Below are records. Return each one exactly as written.

+++++

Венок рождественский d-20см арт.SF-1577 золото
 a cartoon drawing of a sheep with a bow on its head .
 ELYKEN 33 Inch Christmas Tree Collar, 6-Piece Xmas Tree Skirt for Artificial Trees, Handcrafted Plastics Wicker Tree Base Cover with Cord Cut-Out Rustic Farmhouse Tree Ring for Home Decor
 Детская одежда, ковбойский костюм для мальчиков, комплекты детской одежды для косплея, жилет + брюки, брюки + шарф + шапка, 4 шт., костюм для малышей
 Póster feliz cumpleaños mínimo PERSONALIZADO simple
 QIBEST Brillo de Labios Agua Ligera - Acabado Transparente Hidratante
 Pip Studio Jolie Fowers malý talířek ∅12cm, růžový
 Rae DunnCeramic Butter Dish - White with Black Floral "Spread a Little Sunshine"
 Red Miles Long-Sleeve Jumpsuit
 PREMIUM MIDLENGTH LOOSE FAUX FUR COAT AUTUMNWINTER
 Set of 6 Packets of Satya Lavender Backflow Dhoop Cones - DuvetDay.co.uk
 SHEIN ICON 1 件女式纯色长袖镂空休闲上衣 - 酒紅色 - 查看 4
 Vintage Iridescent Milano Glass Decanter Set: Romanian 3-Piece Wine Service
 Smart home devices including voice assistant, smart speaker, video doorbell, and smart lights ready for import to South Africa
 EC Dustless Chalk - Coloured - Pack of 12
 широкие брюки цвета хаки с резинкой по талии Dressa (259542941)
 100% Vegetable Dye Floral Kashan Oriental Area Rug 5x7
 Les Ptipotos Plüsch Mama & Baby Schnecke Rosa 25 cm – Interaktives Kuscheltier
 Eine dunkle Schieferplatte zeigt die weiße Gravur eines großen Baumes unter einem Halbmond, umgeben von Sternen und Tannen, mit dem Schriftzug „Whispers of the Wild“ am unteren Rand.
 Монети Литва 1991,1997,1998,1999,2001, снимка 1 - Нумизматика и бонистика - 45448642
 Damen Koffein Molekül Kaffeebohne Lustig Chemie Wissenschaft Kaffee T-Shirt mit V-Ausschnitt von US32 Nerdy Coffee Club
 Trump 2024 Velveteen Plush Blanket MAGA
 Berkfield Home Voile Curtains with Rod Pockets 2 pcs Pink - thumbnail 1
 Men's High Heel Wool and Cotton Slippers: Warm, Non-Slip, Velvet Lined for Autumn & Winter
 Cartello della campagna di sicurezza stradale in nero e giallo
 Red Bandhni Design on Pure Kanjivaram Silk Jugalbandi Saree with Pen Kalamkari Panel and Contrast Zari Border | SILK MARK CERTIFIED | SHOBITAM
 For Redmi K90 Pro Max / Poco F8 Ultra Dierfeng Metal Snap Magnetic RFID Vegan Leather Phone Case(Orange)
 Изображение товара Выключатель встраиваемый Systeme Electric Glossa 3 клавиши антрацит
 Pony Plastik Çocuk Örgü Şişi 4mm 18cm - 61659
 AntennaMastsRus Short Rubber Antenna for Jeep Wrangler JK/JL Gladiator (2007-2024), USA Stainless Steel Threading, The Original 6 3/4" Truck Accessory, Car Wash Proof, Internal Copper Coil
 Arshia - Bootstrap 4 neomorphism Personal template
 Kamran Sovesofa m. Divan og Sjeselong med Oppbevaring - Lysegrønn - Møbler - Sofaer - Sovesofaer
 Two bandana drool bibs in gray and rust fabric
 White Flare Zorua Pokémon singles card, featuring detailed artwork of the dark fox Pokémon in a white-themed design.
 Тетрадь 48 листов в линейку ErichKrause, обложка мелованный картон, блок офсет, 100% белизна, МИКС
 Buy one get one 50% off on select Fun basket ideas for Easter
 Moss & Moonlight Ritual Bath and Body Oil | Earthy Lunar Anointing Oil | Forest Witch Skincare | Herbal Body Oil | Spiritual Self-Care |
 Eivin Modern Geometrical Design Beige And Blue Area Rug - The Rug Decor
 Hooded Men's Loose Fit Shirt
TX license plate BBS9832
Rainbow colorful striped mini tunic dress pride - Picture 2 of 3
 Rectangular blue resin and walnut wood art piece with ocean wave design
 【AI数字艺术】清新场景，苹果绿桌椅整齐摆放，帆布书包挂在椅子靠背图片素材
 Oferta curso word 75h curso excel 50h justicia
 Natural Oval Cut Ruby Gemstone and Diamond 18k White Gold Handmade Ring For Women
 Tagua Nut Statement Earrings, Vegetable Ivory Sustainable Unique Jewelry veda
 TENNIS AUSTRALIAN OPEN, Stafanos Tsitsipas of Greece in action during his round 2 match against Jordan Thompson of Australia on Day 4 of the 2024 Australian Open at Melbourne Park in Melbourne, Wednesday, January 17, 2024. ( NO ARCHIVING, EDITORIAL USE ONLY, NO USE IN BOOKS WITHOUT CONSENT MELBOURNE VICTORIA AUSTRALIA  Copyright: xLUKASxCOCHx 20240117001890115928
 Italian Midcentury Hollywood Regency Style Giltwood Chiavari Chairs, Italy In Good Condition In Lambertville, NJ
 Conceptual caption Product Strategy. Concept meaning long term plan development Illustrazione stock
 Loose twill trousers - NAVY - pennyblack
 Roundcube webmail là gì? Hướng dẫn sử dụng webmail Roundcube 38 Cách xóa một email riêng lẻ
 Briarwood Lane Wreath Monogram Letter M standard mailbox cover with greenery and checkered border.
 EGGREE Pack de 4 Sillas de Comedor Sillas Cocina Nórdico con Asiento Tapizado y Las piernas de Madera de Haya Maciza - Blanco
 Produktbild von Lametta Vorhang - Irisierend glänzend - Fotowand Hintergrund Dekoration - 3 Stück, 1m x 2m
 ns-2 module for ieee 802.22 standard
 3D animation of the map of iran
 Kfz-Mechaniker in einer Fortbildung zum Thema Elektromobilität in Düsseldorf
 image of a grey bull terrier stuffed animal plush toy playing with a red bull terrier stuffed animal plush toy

+++++

* **ANSWER TO THIS EXERCISE**
Венок рождественский d-20см арт.SF-1577 золото
 a cartoon drawing of a sheep with a bow on its head .
 ELYKEN 33 Inch Christmas Tree Collar, 6-Piece Xmas Tree Skirt for Artificial Trees, Handcrafted Plastics Wicker Tree Base Cover with Cord Cut-Out Rustic Farmhouse Tree Ring for Home Decor
 Детская одежда, ковбойский костюм для мальчиков, комплекты детской одежды для косплея, жилет + брюки, брюки + шарф + шапка, 4 шт., костюм для малышей
 Póster feliz cumpleaños mínimo PERSONALIZADO simple
 QIBEST Brillo de Labios Agua Ligera - Acabado Transparente Hidratante
 Pip Studio Jolie Fowers malý talířek ∅12cm, růžový
 Rae DunnCeramic Butter Dish - White with Black Floral "Spread a Little Sunshine"
 Red Miles Long-Sleeve Jumpsuit
 PREMIUM MIDLENGTH LOOSE FAUX FUR COAT AUTUMNWINTER
 Set of 6 Packets of Satya Lavender Backflow Dhoop Cones - DuvetDay.co.uk
 SHEIN ICON 1 件女式纯色长袖镂空休闲上衣 - 酒紅色 - 查看 4
 Vintage Iridescent Milano Glass Decanter Set: Romanian 3-Piece Wine Service
 Smart home devices including voice assistant, smart speaker, video doorbell, and smart lights ready for import to South Africa
 EC Dustless Chalk - Coloured - Pack of 12
 широкие брюки цвета хаки с резинкой по талии Dressa (259542941)
 100% Vegetable Dye Floral Kashan Oriental Area Rug 5x7
 Les Ptipotos Plüsch Mama & Baby Schnecke Rosa 25 cm – Interaktives Kuscheltier
 Eine dunkle Schieferplatte zeigt die weiße Gravur eines großen Baumes unter einem Halbmond, umgeben von Sternen und Tannen, mit dem Schriftzug „Whispers of the Wild“ am unteren Rand.
 Монети Литва 1991,1997,1998,1999,2001, снимка 1 - Нумизматика и бонистика - 45448642
 Damen Koffein Molekül Kaffeebohne Lustig Chemie Wissenschaft Kaffee T-Shirt mit V-Ausschnitt von US32 Nerdy Coffee Club
 Trump 2024 Velveteen Plush Blanket MAGA
 Berkfield Home Voile Curtains with Rod Pockets 2 pcs Pink - thumbnail 1
 Men's High Heel Wool and Cotton Slippers: Warm, Non-Slip, Velvet Lined for Autumn & Winter
 Cartello della campagna di sicurezza stradale in nero e giallo
 Red Bandhni Design on Pure Kanjivaram Silk Jugalbandi Saree with Pen Kalamkari Panel and Contrast Zari Border | SILK MARK CERTIFIED | SHOBITAM
 For Redmi K90 Pro Max / Poco F8 Ultra Dierfeng Metal Snap Magnetic RFID Vegan Leather Phone Case(Orange)
 Изображение товара Выключатель встраиваемый Systeme Electric Glossa 3 клавиши антрацит
 Pony Plastik Çocuk Örgü Şişi 4mm 18cm - 61659
 AntennaMastsRus Short Rubber Antenna for Jeep Wrangler JK/JL Gladiator (2007-2024), USA Stainless Steel Threading, The Original 6 3/4" Truck Accessory, Car Wash Proof, Internal Copper Coil
 Arshia - Bootstrap 4 neomorphism Personal template
 Kamran Sovesofa m. Divan og Sjeselong med Oppbevaring - Lysegrønn - Møbler - Sofaer - Sovesofaer
 Two bandana drool bibs in gray and rust fabric
 White Flare Zorua Pokémon singles card, featuring detailed artwork of the dark fox Pokémon in a white-themed design.
 Тетрадь 48 листов в линейку ErichKrause, обложка мелованный картон, блок офсет, 100% белизна, МИКС
 Buy one get one 50% off on select Fun basket ideas for Easter
 Moss & Moonlight Ritual Bath and Body Oil | Earthy Lunar Anointing Oil | Forest Witch Skincare | Herbal Body Oil | Spiritual Self-Care |
 Eivin Modern Geometrical Design Beige And Blue Area Rug - The Rug Decor
 Hooded Men's Loose Fit Shirt
TX license plate BBS9832
Rainbow colorful striped mini tunic dress pride - Picture 2 of 3
 Rectangular blue resin and walnut wood art piece with ocean wave design
 【AI数字艺术】清新场景，苹果绿桌椅整齐摆放，帆布书包挂在椅子靠背图片素材
 Oferta curso word 75h curso excel 50h justicia
 Natural Oval Cut Ruby Gemstone and Diamond 18k White Gold Handmade Ring For Women
 Tagua Nut Statement Earrings, Vegetable Ivory Sustainable Unique Jewelry veda
 TENNIS AUSTRALIAN OPEN, Stafanos Tsitsipas of Greece in action during his round 2 match against Jordan Thompson of Australia on Day 4 of the 2024 Australian Open at Melbourne Park in Melbourne, Wednesday, January 17, 2024. ( NO ARCHIVING, EDITORIAL USE ONLY, NO USE IN BOOKS WITHOUT CONSENT MELBOURNE VICTORIA AUSTRALIA  Copyright: xLUKASxCOCHx 20240117001890115928
 Italian Midcentury Hollywood Regency Style Giltwood Chiavari Chairs, Italy In Good Condition In Lambertville, NJ
 Conceptual caption Product Strategy. Concept meaning long term plan development Illustrazione stock
 Loose twill trousers - NAVY - pennyblack
 Roundcube webmail là gì? Hướng dẫn sử dụng webmail Roundcube 38 Cách xóa một email riêng lẻ
 Briarwood Lane Wreath Monogram Letter M standard mailbox cover with greenery and checkered border.
 EGGREE Pack de 4 Sillas de Comedor Sillas Cocina Nórdico con Asiento Tapizado y Las piernas de Madera de Haya Maciza - Blanco
 Produktbild von Lametta Vorhang - Irisierend glänzend - Fotowand Hintergrund Dekoration - 3 Stück, 1m x 2m
 ns-2 module for ieee 802.22 standard
 3D animation of the map of iran
 Kfz-Mechaniker in einer Fortbildung zum Thema Elektromobilität in Düsseldorf
 image of a grey bull terrier stuffed animal plush toy playing with a red bull terrier stuffed animal plush toy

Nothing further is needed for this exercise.